MILAN - Benito 'Veleno' Lorenzi passed away today, just before his beloved Inter took to the pitch for a victory over Livorno that he would have been pleased with. He was 81.
When 'Veleno' (literally 'poison') played, news would become literature. Like his second Serie A match for Inter, against Juventus in the summer of 1947.
Born on 20 December 1925 in the Tuscan town of Buggiano, near Pistoia, Lorenzi joined Inter from Empoli. Benito was one of three children of a tailor father and a grocery shop assistant mother, the first person to call him 'Veleno'.
A furiously talented penalty-area striker; thin, gritty, cunning, predatory, powerful and as quick as lightning, Benito Lorenzi was all this and more. Scoring was his job, and when he ended his Inter career he had scored 143 goals in 314 matches, during which time he won back-to-back Scudettos with Alfredo Foni's team, in 1952/53 and 1953/54. At international level Lorenzi scored 4 goals in 14 appearances for the Azzurri, and in typical style was also the protagonist of an argument with Brazilian referee Viana at the 1954 World Cup in Switzerland. For Nerazzurri fans, Lorenzi was their new hero after Giuseppe Meazza.
In that match against a fearsome Juventus side in 1947, a young Lorenzi found himself up against Bianconeri full-back Rava, who gave him regular 'beatings', always followed by a puncutal apology. At the start, Veleno didn't understand what was happening, but after the umpteenth foul it was Inter masseur Della Casa who came to his aid. "It was him who changed my career," Benito admitted. "He said 'React, Lorenzi'. And I reacted. I went in hard on Angeleri and Rava got furious. 'Hey boy! Who do you think you are. Here we eat our bread....' I replied: 'Sure, and you don't want me to start eating it!'" Lorenzi's was indeed very good bread for Inter.
And what about that slice of lemon? Lorenzi developed a sporting hatred for AC Milan (although off the pitch he was best friends with Nordahl). A protagonist of the 6-5 victory over the Rossoneri on 6 November 1949, Veleno played his 22nd Milan derby on 6 October 1957. He won Inter a dubious penalty before referee Lo Bello gave one to Milan. Tito Cucchiaroni stepped up to the spot and, incredibly, missed. After Inter's 1-0 victory there was a brawl between the players, for no apparent reason. A few years later Benito explained why. "I was sucking half a lemon, which we did back then to quench our thirst," he admitted, "and without letting the opponents see me - but I realised the Milan fans were shouting all sorts of things - I put that half lemon on the spot, below the ball so Cucchiaroni would miss."
Before hanging up his boots Veleno had spells at Alesandria and Brescia, but the city of Milan and Inter remained his home, his world, his strength.
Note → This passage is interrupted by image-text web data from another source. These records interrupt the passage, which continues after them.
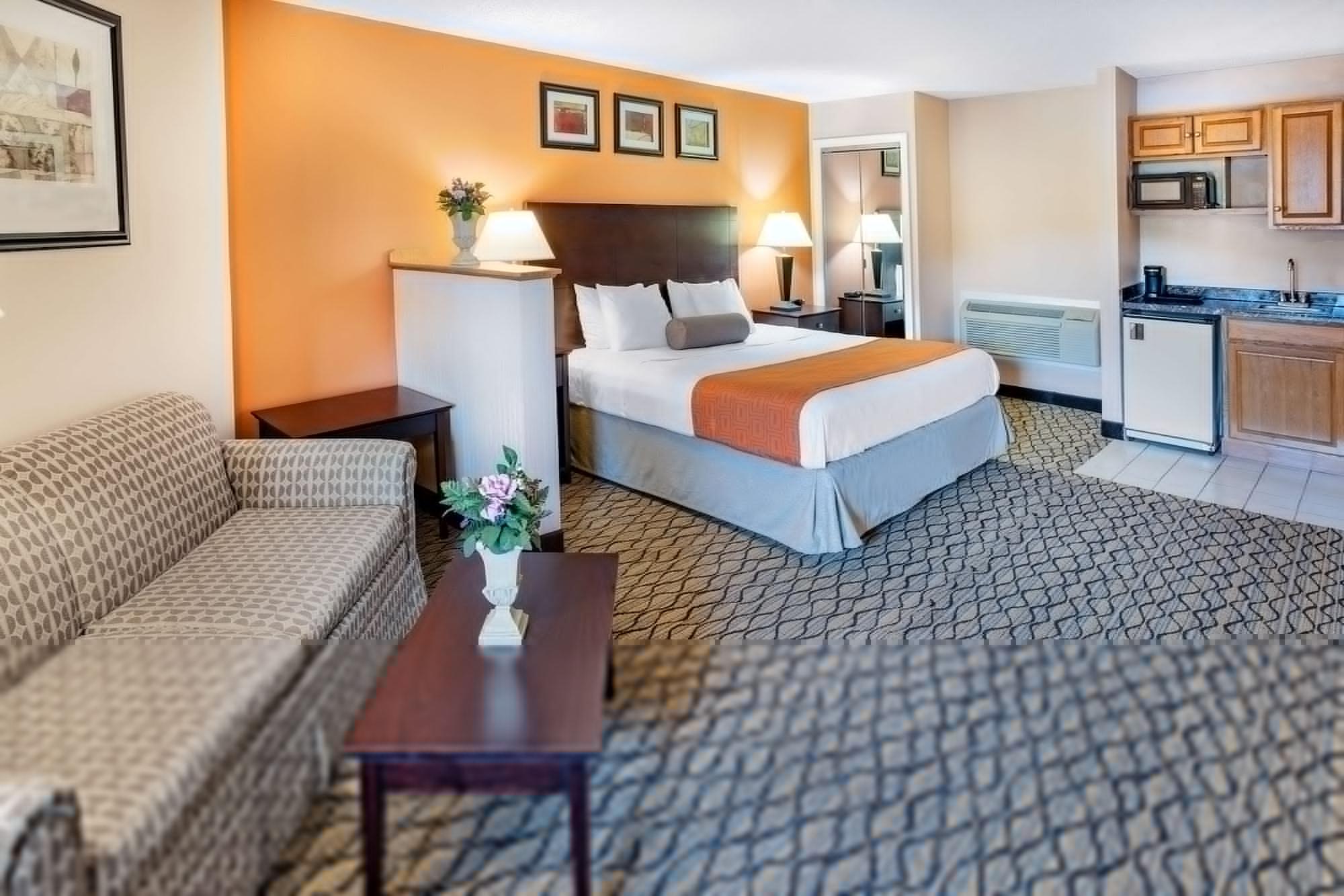 Howard Johnson By Wyndham Lenox Exterior photo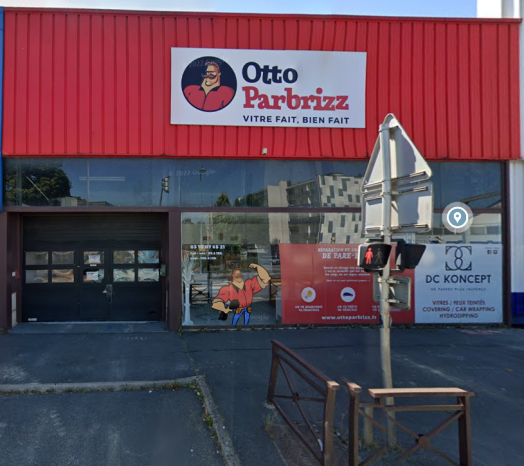 Local commercial 300m² : Photo 1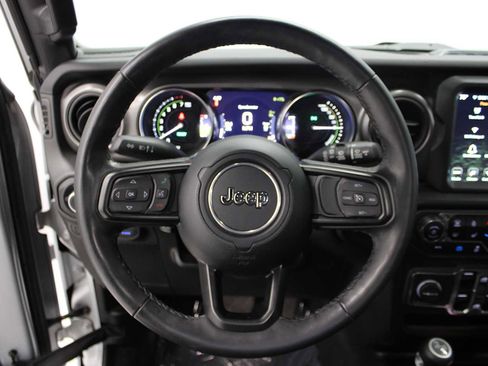 Used 2023 Jeep Wrangler Unlimited w/ Sun & Screen Package AWD/4WD image 19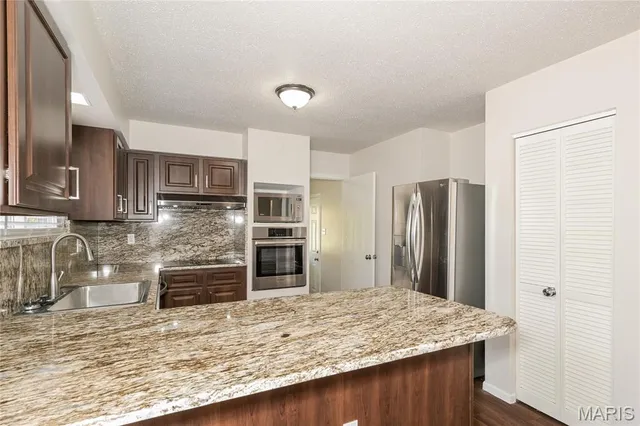 $2,815 | 4031 Les Cherbourg Lane, Florissant, MO 63034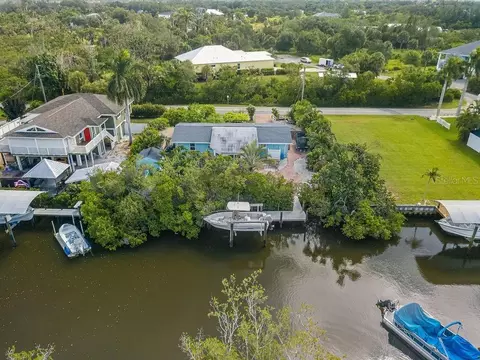 1831 Bayshore Dr, Terra Ceia, FL 34250
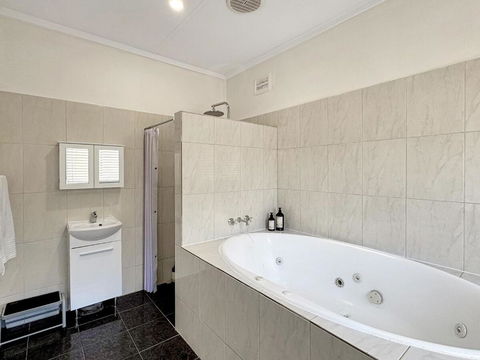 Relax At Gossan - Accommodation Resorts 2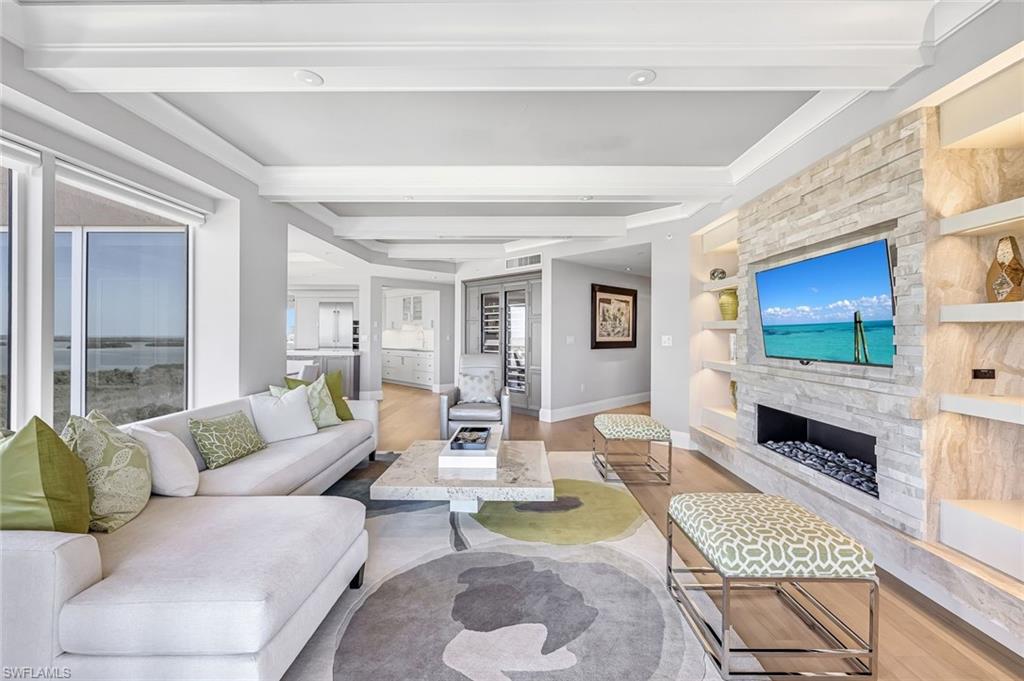 ESTANCIA - Residential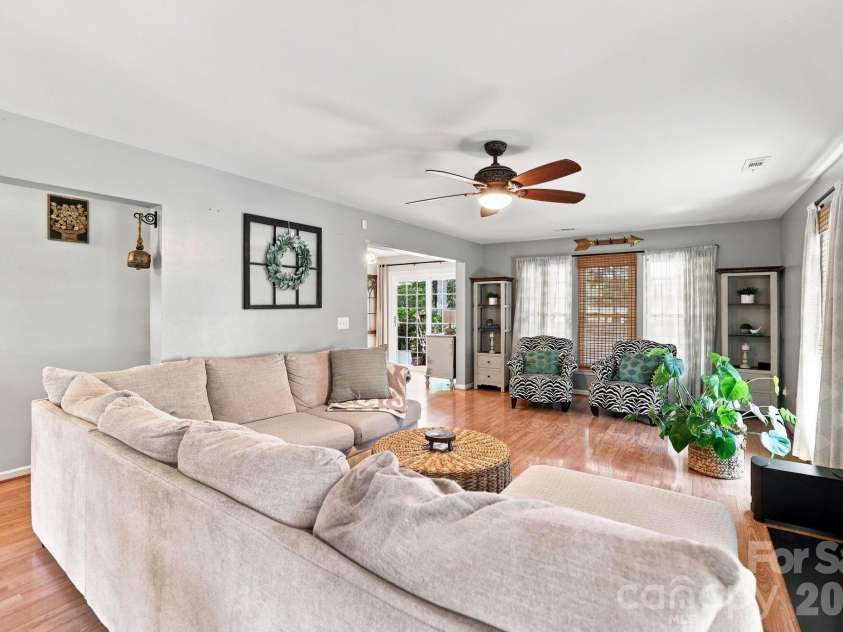 3901 Waters Reach Lane, Indian Trail, NC 28079.  MLS# CAR4418909, YatesRealty ID 49556. 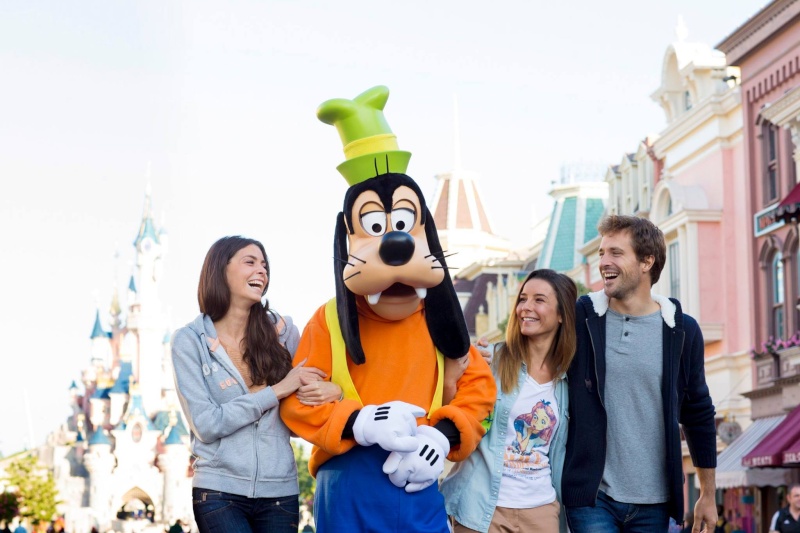 Photos publiées sur Facebook par Disneyland® Paris - Page 4 10575211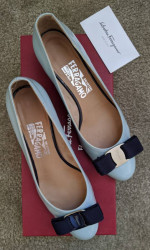 Gorgeous Authentic Salvatore Ferragamo Vara Heels 6.5C Blue Pastel Pat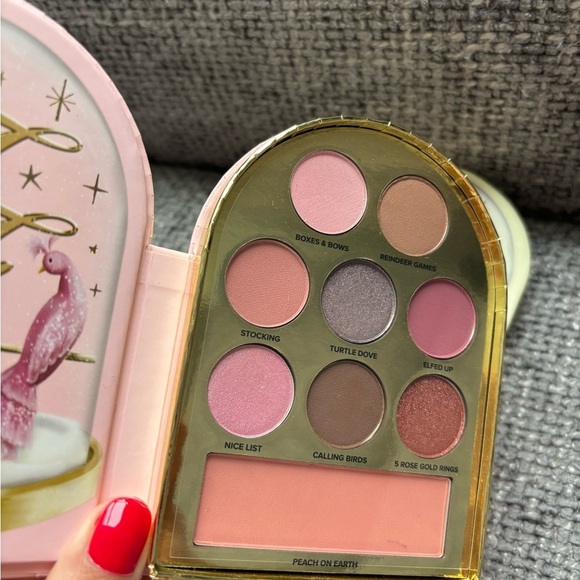 Brand new Too Faced Limited Edition Makeup Set – 2 Palettes - Picture 7 of 11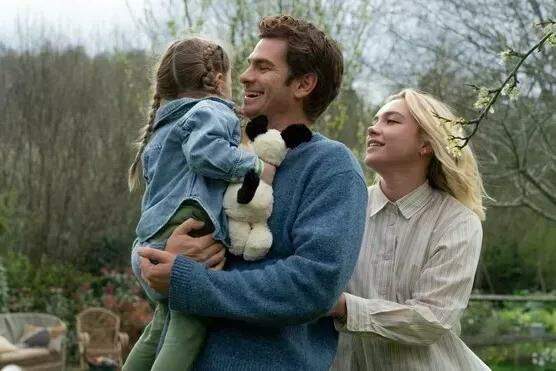 Todo Tempo que Temos é estrelado por Florence Pugh e Andrew Garfield, e está disponível no Prime Vídeo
He coached the academy youngsters (Arturo Di Napoli was his last favourite pupil), went from home to home to collect money for the needy, and was a regular visitor to Inter's training ground on Saturdays. He would arrive at the wheel of an old Fiat 500, irritated by everything and everyone, both jokingly and intentionally, ready to write his book of truths. "And I'll warn you beforehand - when I write it I will tell everything and criticise everybody. Yes, even you."
Ciao, caro Veleno.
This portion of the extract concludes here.